Gegen 22.15 Uhr holen wir uns noch einen Burger, den man ebenfalls mit Kreditkarte bezahlen kann. Was für ein Glück für uns! Rubel haben wir nämlich nicht und einen Geldautomaten haben wir auch nicht gefunden, obwohl der Flughafen hier echt größer ist, als gedacht.

Nach dem Essen suchen wir uns einen Platz, der irgendwie zum Schlafen geeignet sein könnte.
Die Wahl fällt auf zwei gegenüber stehende Sitzreihen, die jemand zusammen geschoben hat. Blöd nur, dass die einzelnen Sitze durch Armlehnen getrennt sind, aber wenn wir diagonal liegen, geht es.
Zuerst wälze ich mich mehrmals ziemlich umständlich von einer Seite auf die andere, irgendwann schlafe ich aber wohl doch ein.
Die Jacke als Kopfkissen und den Ärmel übers Gesicht gelegt, hier herrscht nämlich die ganze Nacht Festbeleuchtung.
Gegen 4.00 Uhr morgens sind wir wieder wach.

Montag, 26.10.2015:
Um fünf Uhr bin ich dann doch wieder so müde, dass ich es nochmal mit schlafen probiere.
Klappt bis sieben Uhr ganz gut. Dann bricht die Dämmerung an und der Flughafen füllt sich wieder.
Gegen acht wird es dann Zeit für den ersten Kaffee und ich hole uns Frühstück.

Glücklicherweise ist an so einem Flughafen viel los und man kann über die Menschen, Fahrzeuge und Destinationen reden.
Zwischendurch dann noch schnell im Waschbecken Haare waschen und so gegen 13.00 mal was zu Mittag essen.

Danach ein kleiner Spaziergang durch den Flughafen, auf der erfolglosen Suche nach deutschen oder wenigstens englischen Zeitschriften. Alles nur auf russisch erhältlich.
Aber durch das kostenlose Wlan können wir uns wenigstens ein paar Spiele aufs Handy laden.
Bis wir uns dann einen neuen Platz in einer anderen Wartehalle gesucht haben, ist es auch schon Nachmittag.

Nur noch viereinhalb Stunden, bis der Flug geht.
Genug Zeit also, um die letzten Euros loszuwerden und noch ein paar Sachen zu besorgen, die den Flug angenehmer machen.

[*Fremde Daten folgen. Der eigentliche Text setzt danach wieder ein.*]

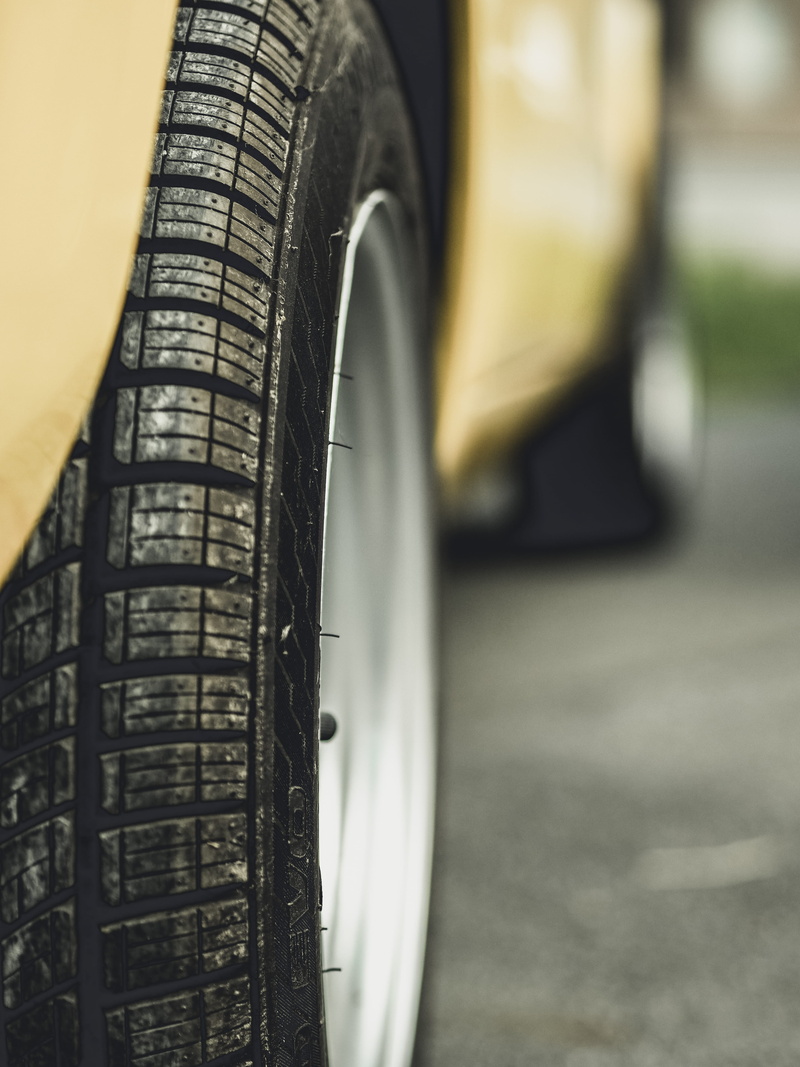 building, digital watch, hubcap, wheel, outdoors, vehicle, road, light, rubber, transportation, headlight, machine, mode of transportation, vehicle part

Ein Nackenhörnchen, eine Tafel Schokolade..

Die restliche Zeit haben wir damit verbracht, viel Wasser zu trinken, (um während dem Flug nicht zu dehydrieren) und uns zu unterhalten.

Diese 23 Stunden am Flughafen gingen im Nachhinein schneller um, als wir gedacht hätten.